なにも言わずに隣にいてくれ

 ゲームをしている。
 このゲームは3人チームで行われる。
 わたしはこの二カ月間、友人2人とdiscordで通話しながらゲームをしていた。
 野良で参加する時は、まったくの他人と3人チームを組むことになるので、通話はしない。無言でゲームは行われる。
 無言でも多少のコミュニケーションをとることが出来る。あっちに敵がいるぞとか、こっちから変な音がするぞとか、あの建物を見に行きたいぞ、みたいな定型の意思表示コマンドが用意されている。
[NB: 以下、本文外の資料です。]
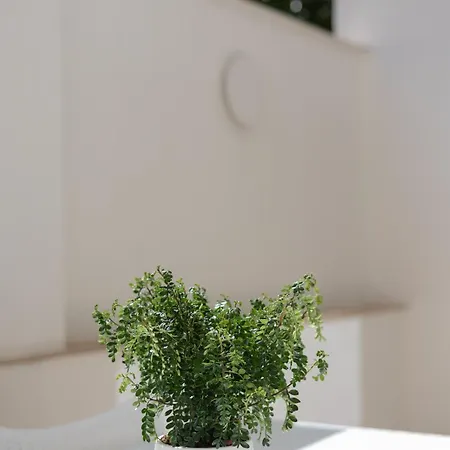 Mare Tonic Apartman Milazzo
 そのような定型コマンドでさえ明らかな個性を感じることが出来る。
 意思表示せずに走りだす人もいる。勝手に突っ込んでやられてしまう人もいる。神経質なまでに報告を送ってくれる人もいる。仲間のライフが少ないのをいち早く察知して回復アイテムを投げてくれる親切な人もいる。走り回って飛び跳ねて無邪気に遊んでいるだけの人もいる。キャラクターの行動には表情も言葉もないのに、非常にたくさんの情報が含まれている。
 そしてわたしはそのような非言語的コミュニケーションがものすごくとても好きだ。突然敵に撃たれてびっくりしておろおろしている仲間を見たりすると「人間だなあ」という気持ちになってほっこりする。冷静に撃ち返している人を見ると「この人はすごうでだなあ」と思ったりする。
 まったくの他人とチームを組んでいると、時々とても相性のいい人たちに出会うことがある。おたがいに指示を出さなくても、この人がどこを見ているのか、何をしたいのか、どうやって戦うのが好きかというのが分かる。射線でさえ言葉であり、意思表示であり、コミュニケーションだった。ここに一体感というのがあって、これが結局は純然たるスポーツだった。
 そういうチームとゲームをするのはとても気持ちがいい。勝てなくてもすばらしい気持ちだ。野良のチームは一度きりの即席チームなので、おそらく二度と会うことはない。それでもなんか急に他人の操作するキャラクターが私の隣に立って、特に何をするでもなく同じ方向をぼうっと見つめているだけのような瞬間は、消費される宿命の言葉がないからこそ、ちょっぴり永遠だった。